In terms of the general belief in God, I have nothing against people who choose to believe. What bothers me is that I think a lot of people only believe because they are afraid of going against something they have been brought up with their whole life. It's the social conditioning that I have something against. People who went to church and sunday school, whose families have drummed God into their brains, and who have never once looked at other explanations or options for fear of being 'sinful' to question it.
That IMO is a harmful thing.
Try to be respectful if that isnt too hard. The cohesiveness and harmony of this planet in particular is unique in the universe as far as we know today in our limited perspective. Einstein himself, a non believer of a personal god, and a not very complex being as you also believe did see such harmony and perfection in trying to explain the universe in his relativity theory:
"I believe in Spinoza's God who reveals himself in the orderly harmony of what exists, not in a God who concerns himself with fates and actions of human beings."
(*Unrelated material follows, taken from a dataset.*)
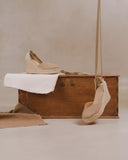 <p>Bayona, maison d’espadrilles artisanales</p>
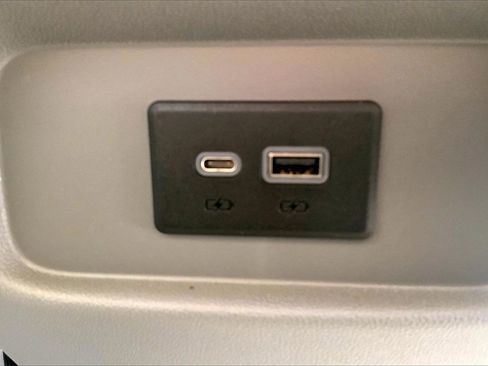 Certified 2023 Cadillac XT5 Premium Luxury w/ Technology Package image 37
"I'm not an atheist and I don't think I can call myself a pantheist. We are in the position of a little child entering a huge library filled with books in many languages. The child knows someone must have written those books. It does not know how. It does not understand the languages in which they are written. The child dimly suspects a mysterious order in the arrangements of the books, but doesn't know what it is. That, it seems to me, is the attitude of even the most intelligent human being toward God."
But what does that Einstein nut know about anything? What a fool he was for believing any intelligent being could take the position of suspecting the posibility of an unexplicable mysterious order in the universe manifesting in a ridiculous level of perfect harmony. What a disgrace of a scientist he is. He should have bothered learning something that does not disprove what he states, like Evolutionary Biology, instead of making an argument from incredulity.
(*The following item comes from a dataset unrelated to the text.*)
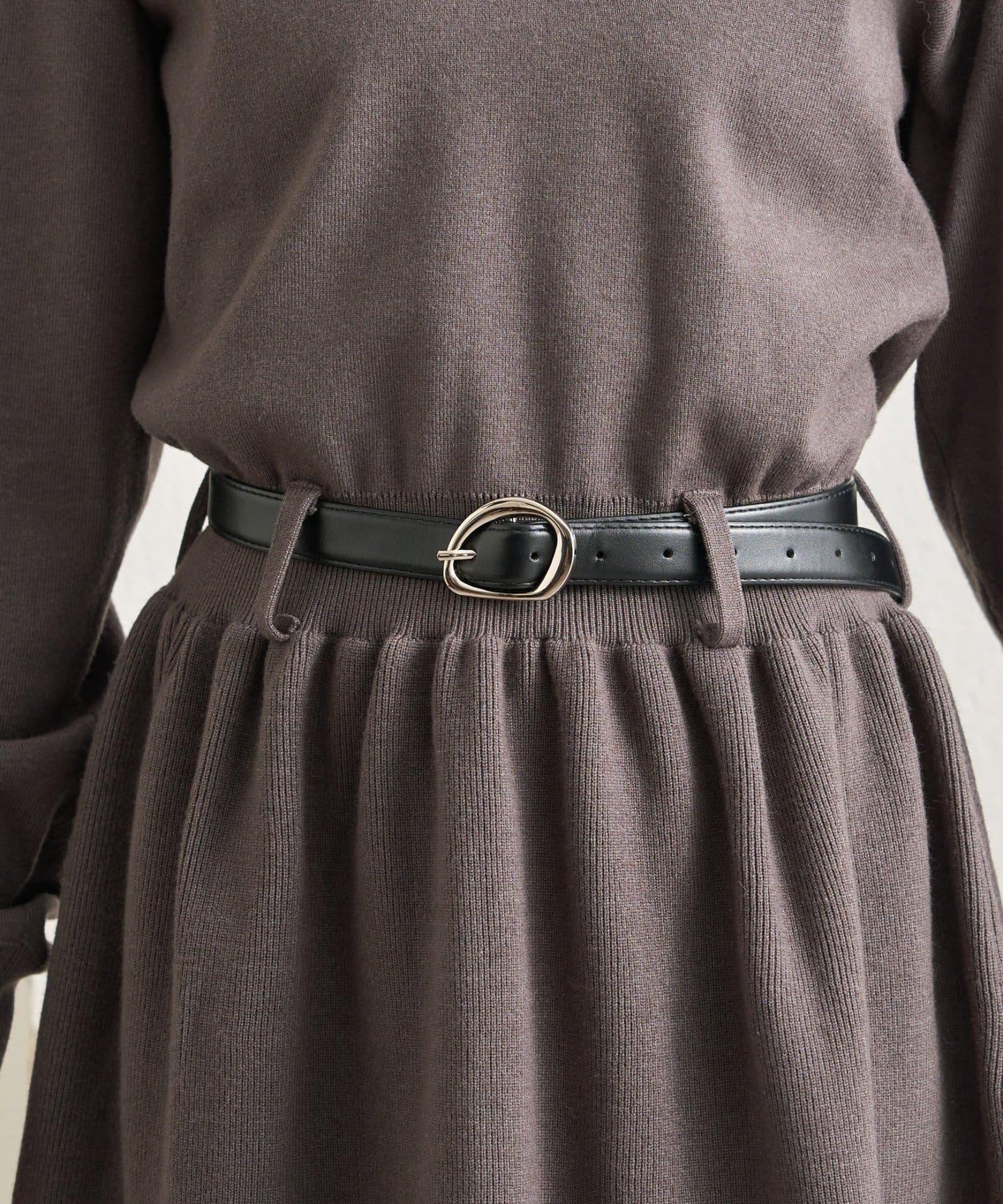 配腰帶針織翻領連衣裙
As a side note, would it interest you to know that Einstein may be wrong about some of those laws dealing with the Universe?
But what does that Einstein nut know about anything? What a fool he was for believing any intelligent being could take the position of suspecting the possibility of an inexplicable mysterious order in the universe manifesting in a ridiculous level of perfect harmony. What a disgrace of a scientist he is. He should have bothered learning something that does not disprove what he states, like Evolutionary Biology, instead of making an argument from incredulity.
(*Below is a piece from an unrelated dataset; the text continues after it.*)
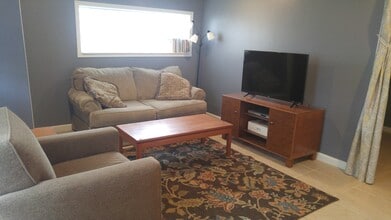 4615 Dart St, Unit Fountainblue Guest House in New Orleans, LA - Building Photo - Building Photo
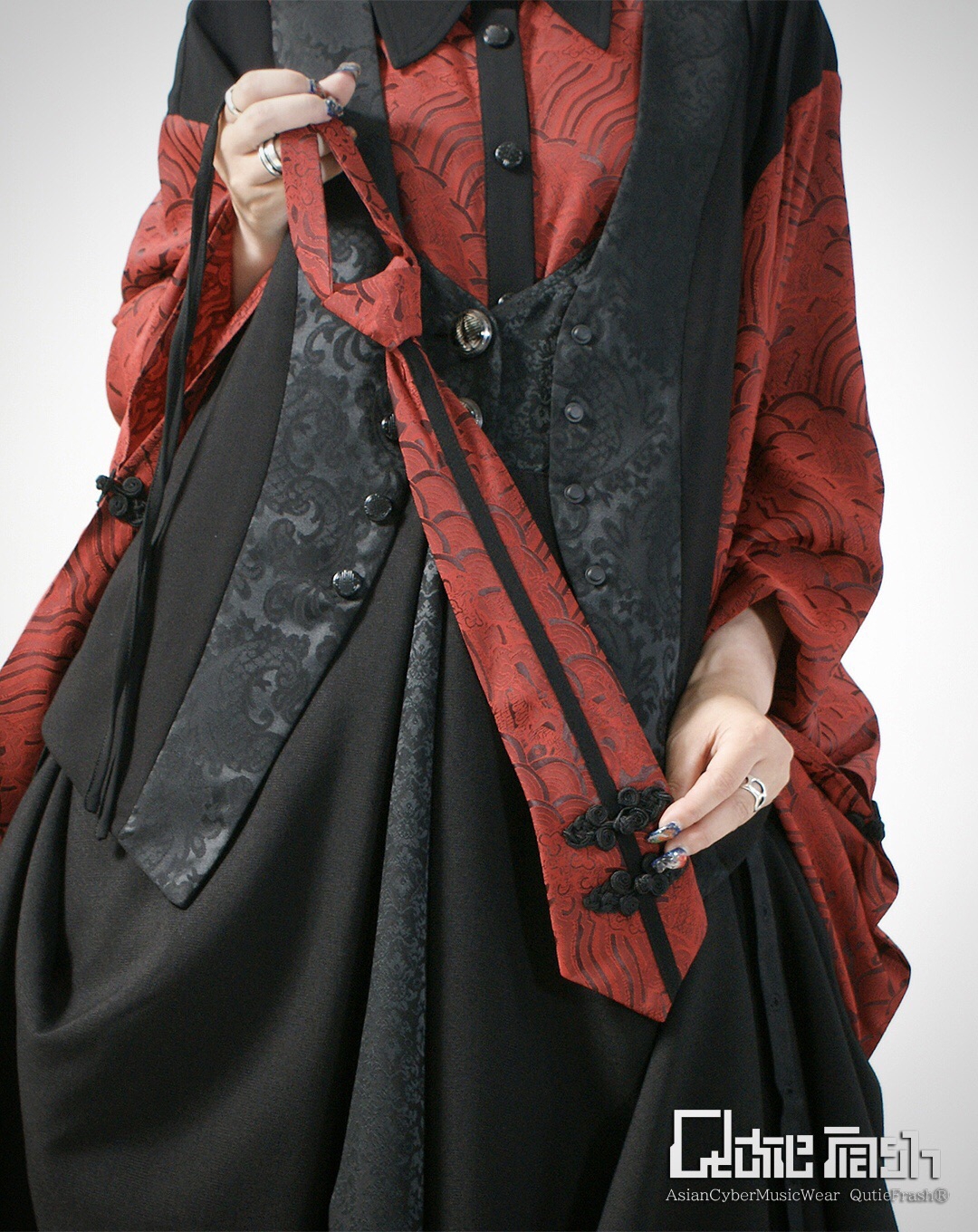 Qutie Frash ネクタイ付き着物袖ブラウス サラッと着るだけでお洒落過ぎるネクタイ付き着物袖ブラウス新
Of course he might be wrong. He was a physicist not a prophet. You'd be hard pressed to find a physicist or mathematician who isn't trying to PROVE that he is wrong. Nothing is taken for granted. It is only because so many have failed to improve upon Einstein's findings that he so respected, as opposed to say Stephen Hawking in recent years, who though while famous and certainly still personally respected, his theories have fallen out of favor due to conflicting evidence.
Whoa, folks. I'm not trying to spit on the altar of Einstein. Just illustrating that he is falliable, especially when dealing with subjects outside his expertise.
He made a a huge error in saying there was no cosmological constant force, which there is, which left cosmology sort of baffled, which he admitted was his greatest blunder.
Was talking to a recovering heroin addict yesterday, who said he was struggling with religion because he couldn't see it was possible.
So I asked him why he struggled at all? If you don't believe, you don't believe (cause that's how I see my atheism having come about).
He said he struggled because he WANTED to believe.
I couldn't really respond to that. I just said 'fair enough'.
I have absolutely no problem with that form of spiritual belief. The kind that really helps people get through the day.